La proposta, provocatoria, è stata consegnata da un membro dell’Ufficio politico di Hamas, Khalil al-Hayya, in una intervista ad Ap: l’organizzazione s’impegna ad accettare una tregua di cinque anni se Israele accetterà la creazione di uno stato palestinese. In teoria sembra un passo in avanti, visto che anche la Casa Bianca sostiene la necessità dei due stati (ma senza Hamas), ma nella pratica le precisazioni che fa al-Hayya rendono irricevibile, per Israele, la proposta: rivendica il «diritto storico su tutte le terre palestinesi» nonché il riconoscimento del «diritto al ritorno». Significherebbe, in linea teorica, il rientro di sei milioni di discendenti di rifugiati nel territorio di Israele.
MANOVRE
Più realistica la proposta che, secondo l’agenzia di stampa russa Tass, Hamas tramite l’Egitto ha presentato a Israele: in cambio della sospensione degli attacchi delle forze israeliane offre il rilascio degli ostaggi e lo stop ai combattimenti per un anno. Quel tempo andrà usato per la creazione di uno stato palestinese. Infine, funzionari israeliani parlano di un terzo possibile accordo, più limitato: liberazione di 20 ostaggi da parte di Hamas in cambio della possibilità concessa ai palestinesi di tornare al Nord della Striscia. Solo ipotesi, per ora la trattativa non si sblocca. Ieri in Israele tutta l’attenzione è stata concentrata sulle grandi manovre per l’inizio dell’offensiva di terra a Rafah: in serata decine di carri armati erano ammassati al confine Sud, segnale che l’attacco è vicino. A Rafah, l’ultima cittadina prima del confine con l’Egitto, si erano rifugiati 1,4 milioni di palestinesi (dove solitamente vivevano in poco più di 250mila). Una parte è riuscita ad andarsene, si calcola circa 200mila, in direzione Khan Yunis, al-Muwasi, Gaza City. L’esercito israeliano sta allestendo delle tendopoli. Qualcuno ha superato il confine verso l’Egitto (s’ipotizza 80-100mila), ma su questo anche ieri il presidente al-Sisi ha ribadito: «Abbiamo adottato fin dall’inizio della guerra una chiara posizione.

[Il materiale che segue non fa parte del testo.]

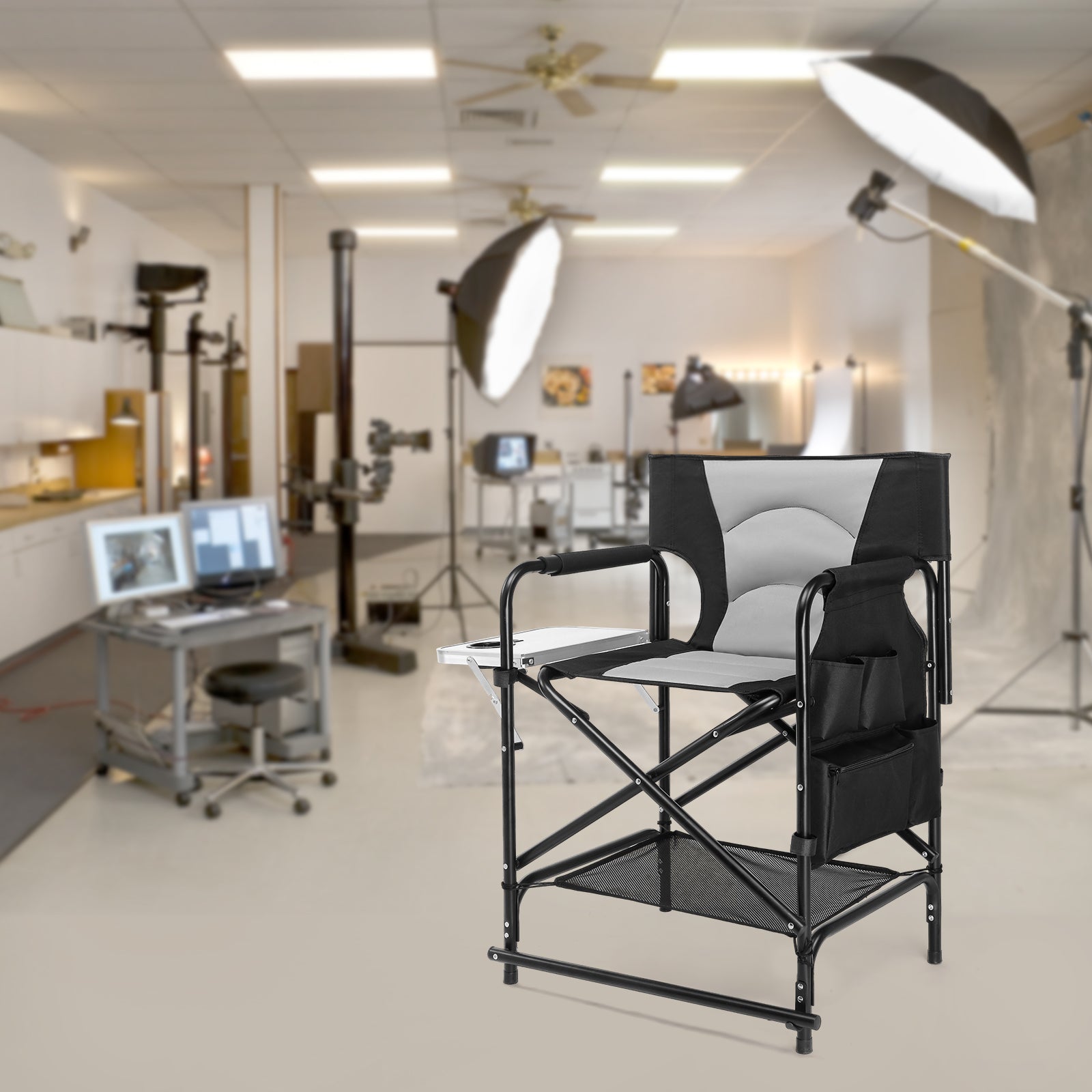 OmySalon Portable Folding Director Chair Makeup Artist Chair with Side Table 22in/26in/30in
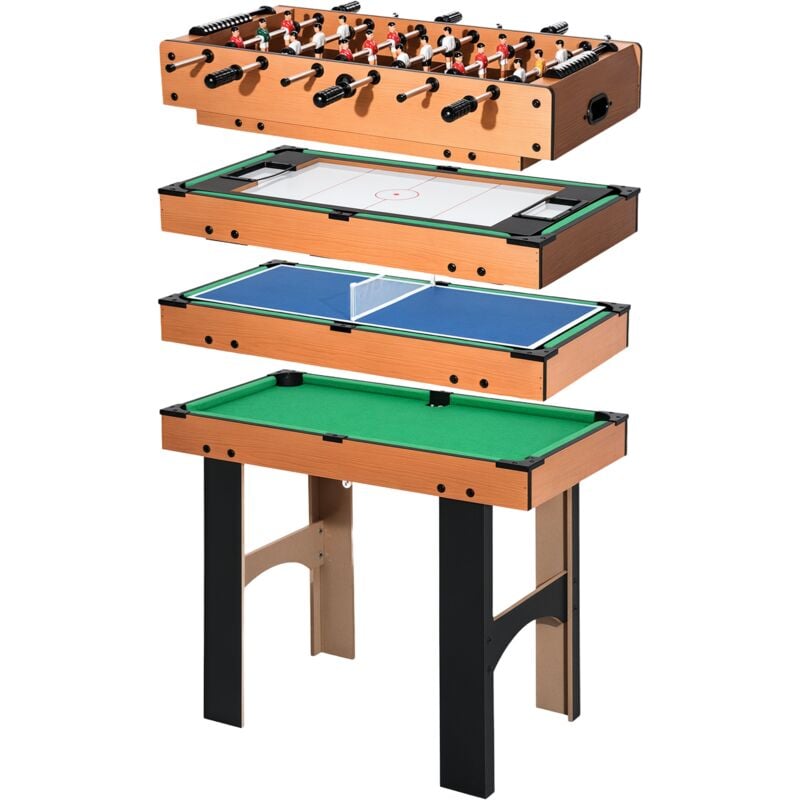 HOMCOM 4-in-1 Multispieltisch Multigame Spieltisch mit Tischfußball Tischhockey Tischtennis Billard Multifunktionsspieltisch aus MDF, 92 x 78 x 80cm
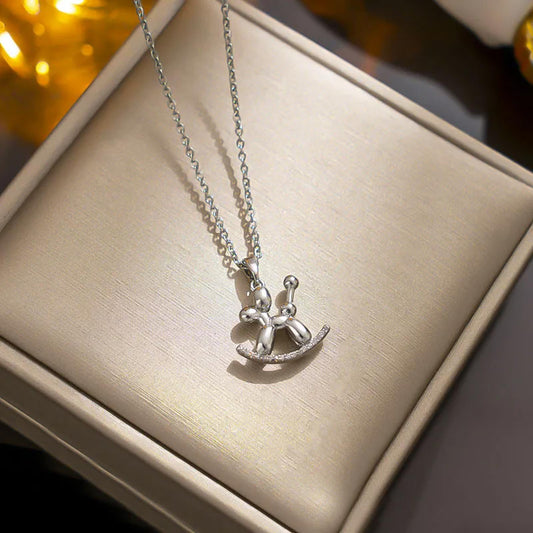 Balloon dog rocker Necklace - Silver - CZs - 18"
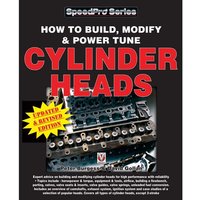 "Black book cover with red title 'Cylinder Heads' and image of engine parts, labeled 'Updated & Revised Edition'"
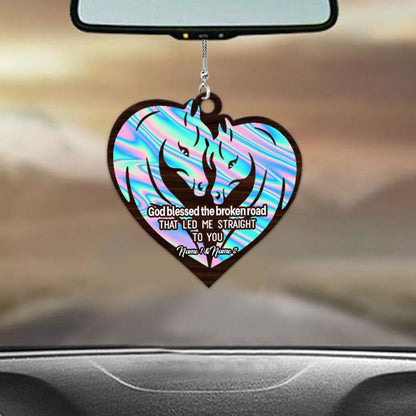 God Blessed The Broken Road - Personalized Couple Horse Car Ornament (Printed On Both Sides)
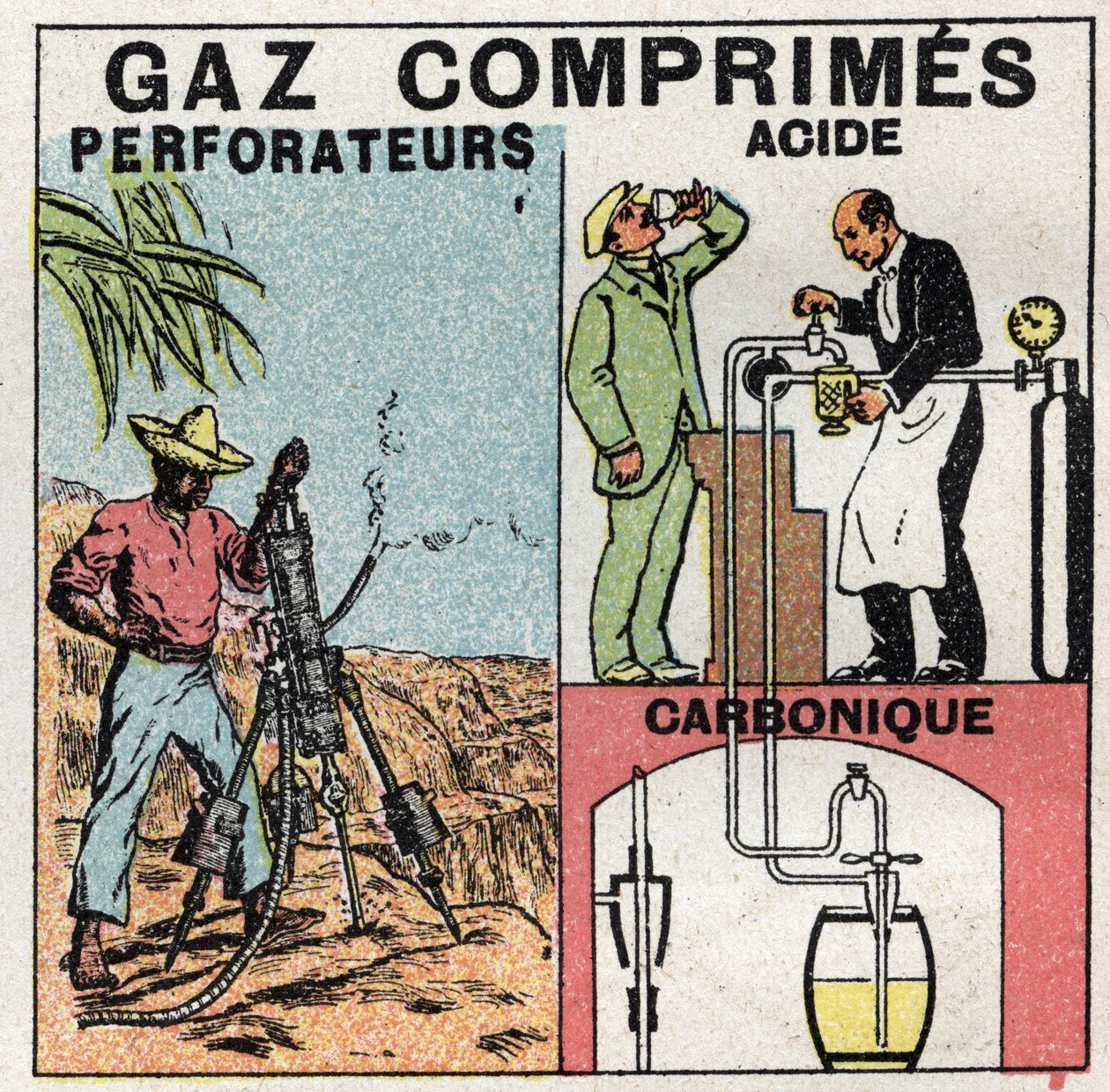 Pression des gaz : casseroles à gaz utilisées pour les perceuses à air comprimé et dans la fabrication de la bière. Illustration anonyme de 1925. Collection privée. - Anonymous Anonymous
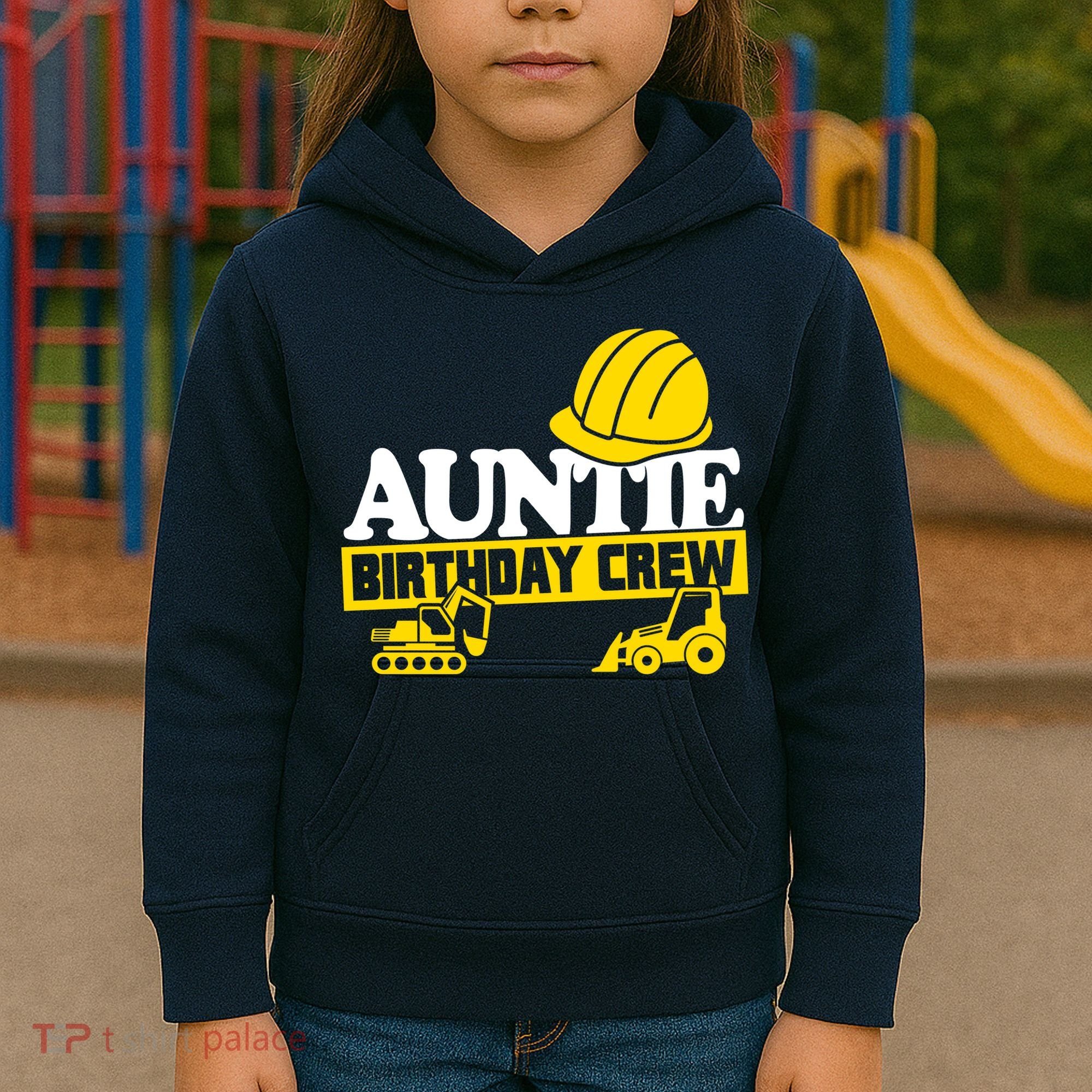 Auntie Birthday Crew Construction Party Kids Hoodie
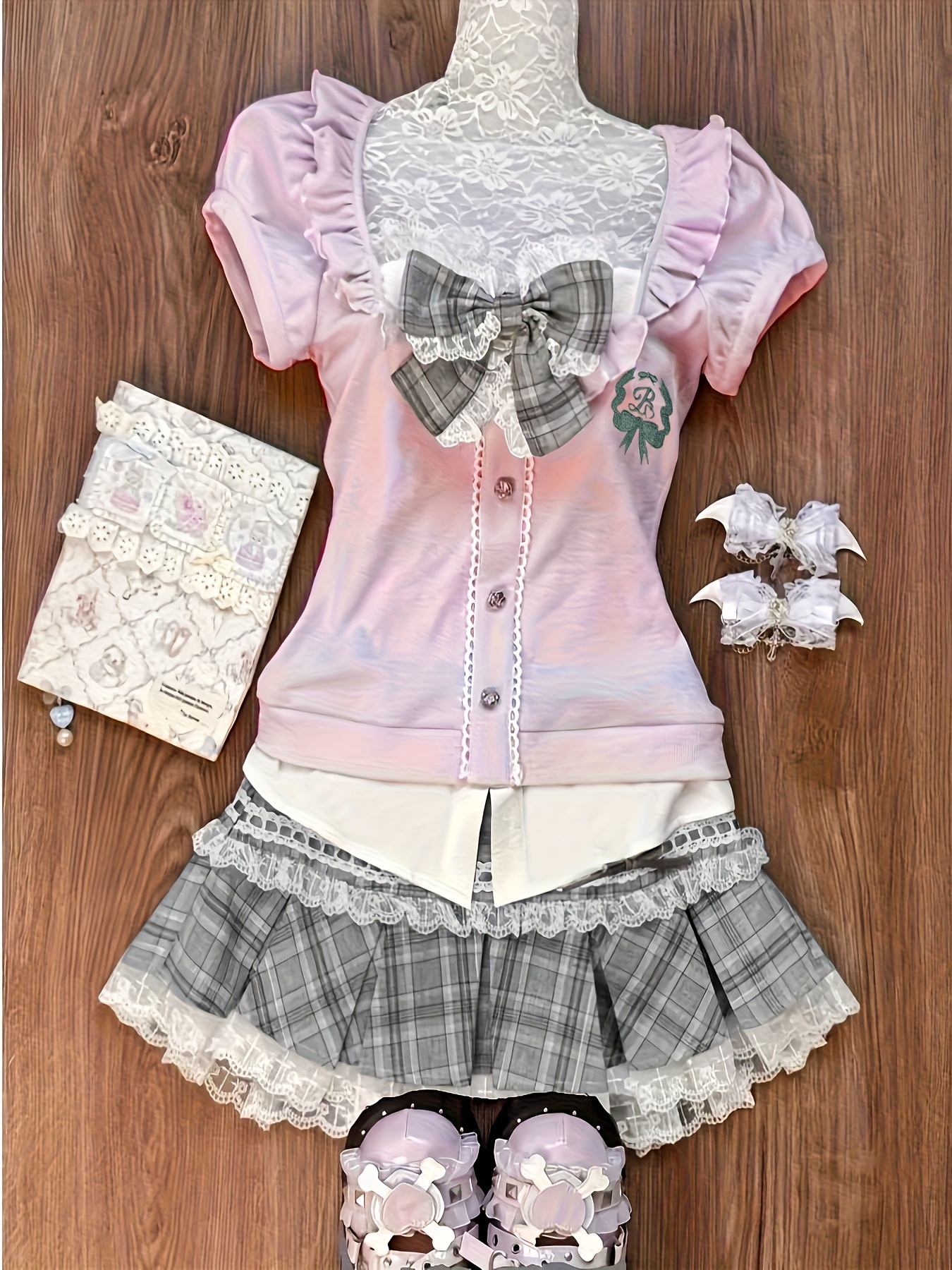 summer cute sweetheart style bowknot contrast lace ruffle Temu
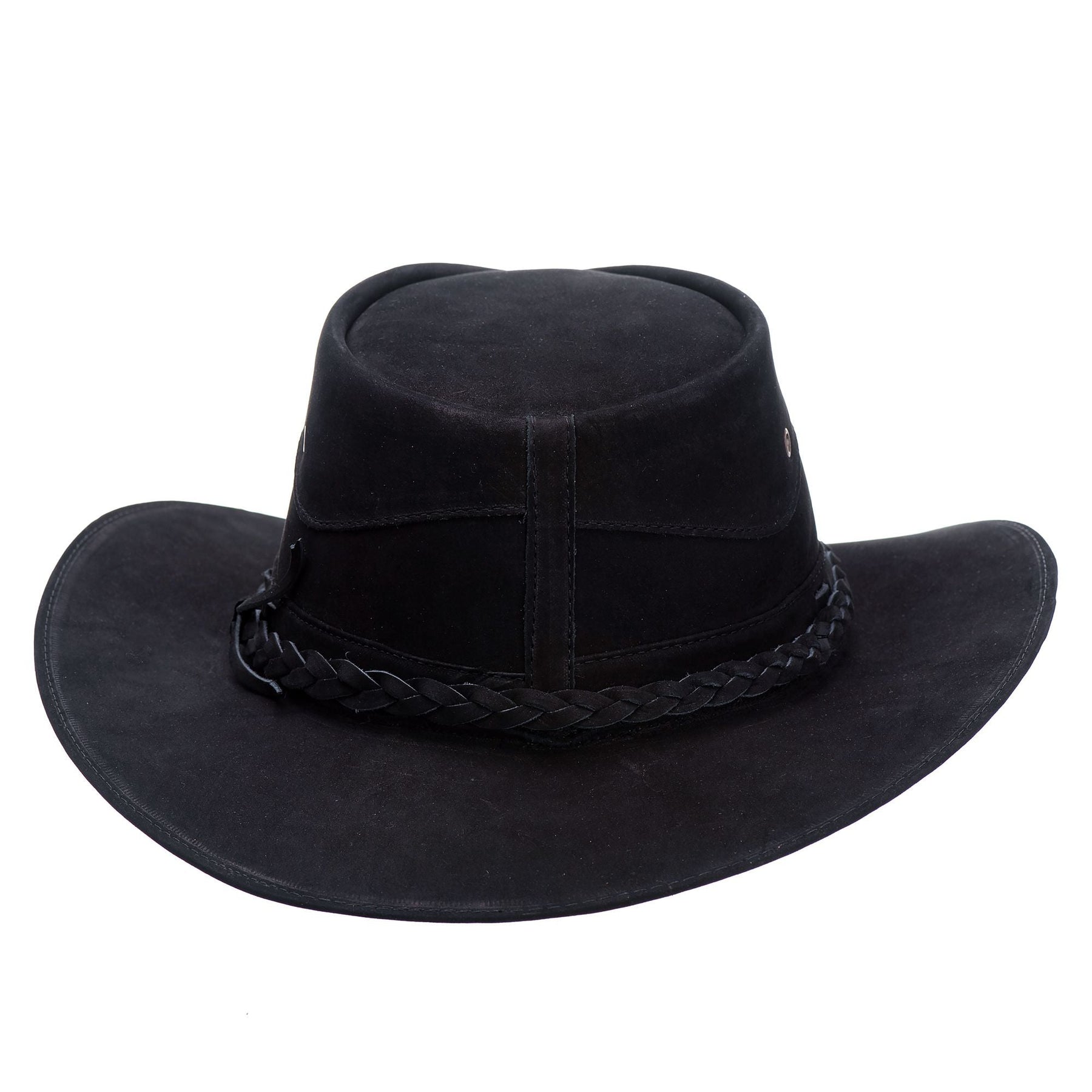 Chapéu Country de Couro Nobuk Preto com Detalhes Trançados: Estilo Autêntico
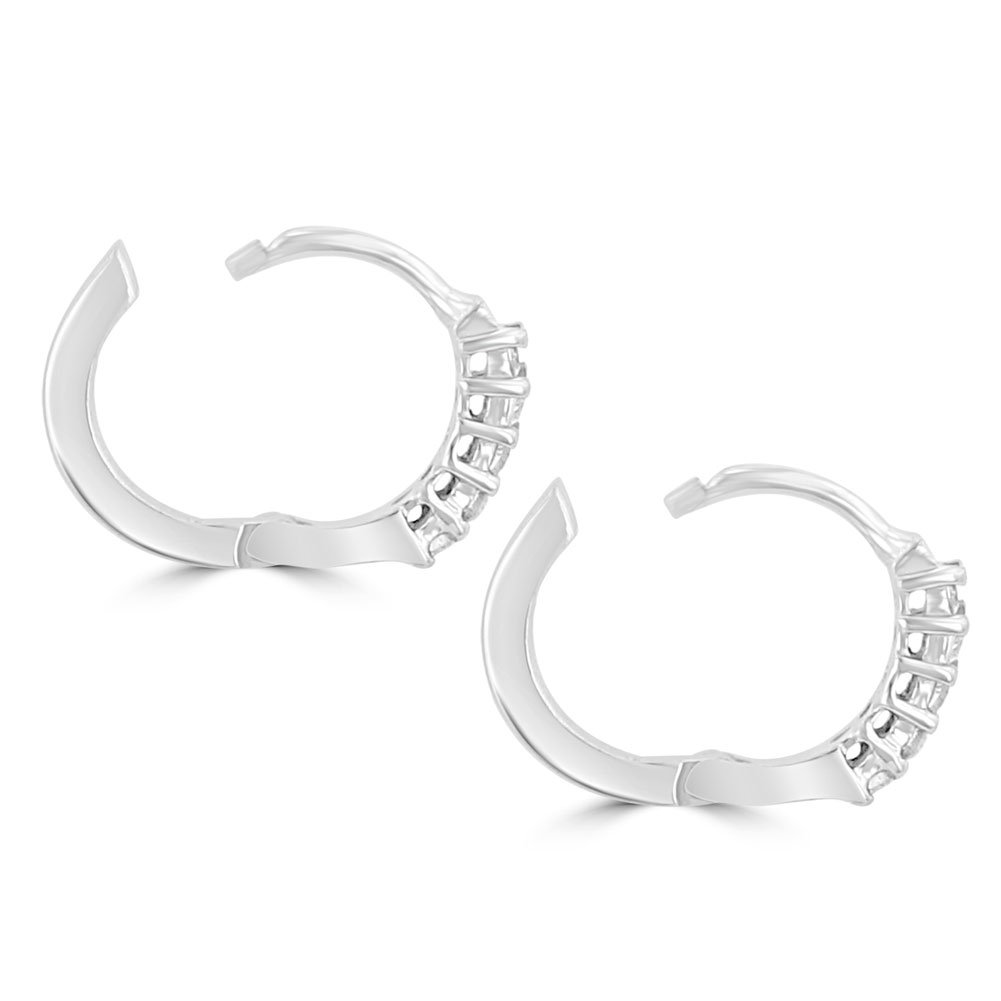 0.25 Carat Round Cut Diamond Hoop Huggie Earrings for Women in 14K White Gold - Perfect for Weddings, Anniversaries & Everyday Elegance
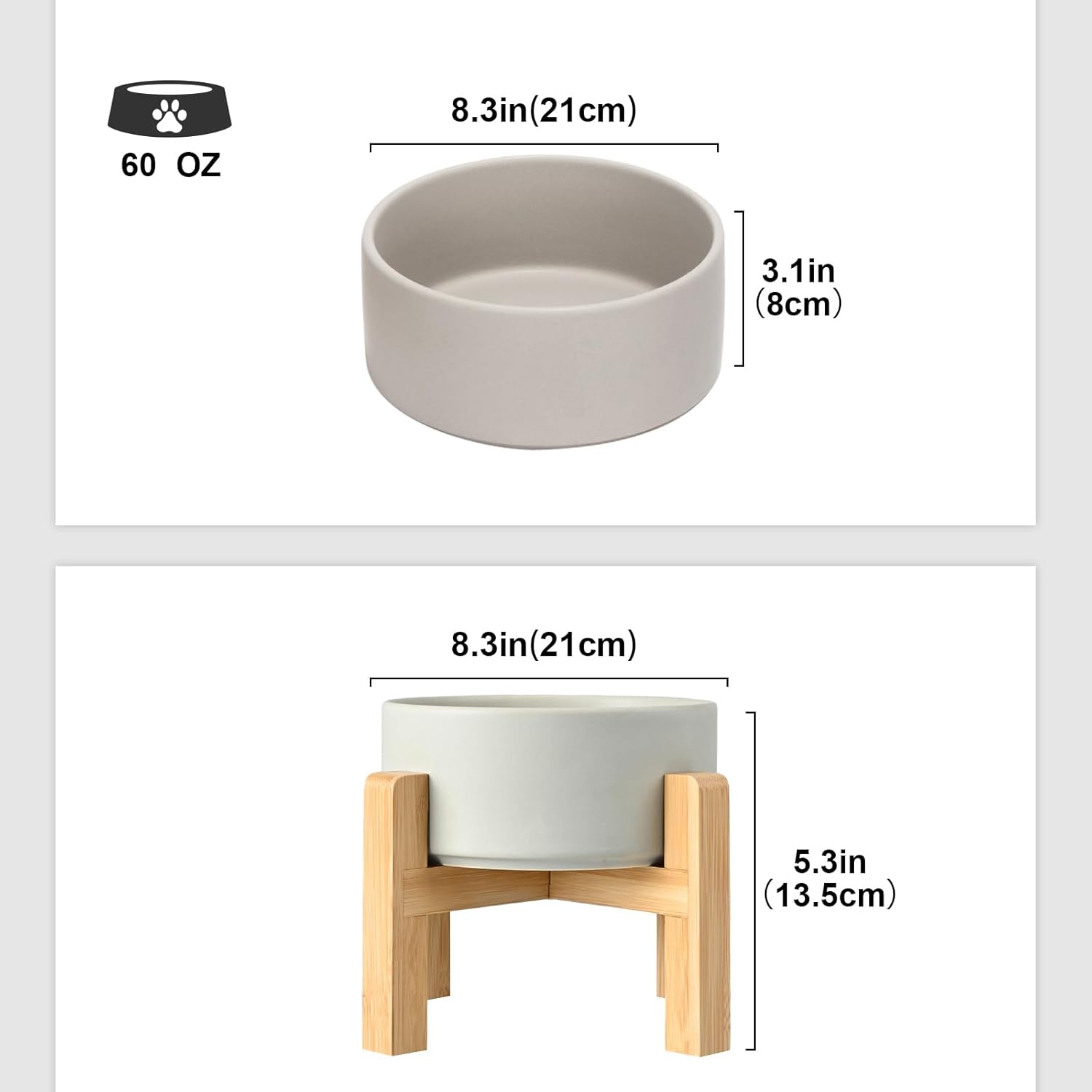 SPUNKYJUNKY Ceramic Elevated Dog Bowls 2 Pack - 8.3inch Raised Dog Bowls with Non-Slip Wooden Stand for Large Dogs Dishwasher Safe(Grey,60OZ*2)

Siamo contrari alla migrazione forzata dei palestinesi dalle loro terre verso il Sinai o verso qualunque altro posto, garantiremo la salvaguardia della sicurezza nazionale egiziana». Un sito egiziano riporta le dichiarazione di una «fonte informata» del Paese: «La presenza militare israeliana al confine con l'Egitto costituirebbe una violazione del trattato di pace e la risposta del Cairo sarebbe decisiva».
Ieri si è riunito il gabinetto di guerra in Israele, l’Idf da giorni spinge perché venga dato il via libera all’attacco poiché ritiene che a Rafah si nascondano ancora 4 battaglioni di Hamas.
TIMORI
Ad ostacolare qualsiasi accordo che porti allo stop dei combattimenti, al rilascio degli ostaggi (quelli ancora in vita dovrebbero trovarsi a Rafah) in cambio della scarcerazione di prigionieri palestinesi e all’invio di aiuti umanitari, secondo un funzionario americano citato in forma anonima da una ricostruzione di Times of Israel, c’è l’ostinazione di Yayhya Sinwar, leader militare di Hamas che si trova dentro la Striscia di Gaza, nelle gallerie sotterranee. I vertici politici a Doha erano vicini ad accettare i termini della tregua, ma poi l’intesa è saltata. Dice il funzionario Usa: «In questo momento la verità è che c’è un accordo sul tavolo che soddisfa quasi tutte le richieste avanzate da Hamas. L’opinione degli egiziani, dei qatarioti e di coloro che sono abbastanza profondamente coinvolti è che la risposta arrivata all’interno di Gaza non è stata costruttiva». In sintesi: Sinwar non vuole alcun tipo di accordo.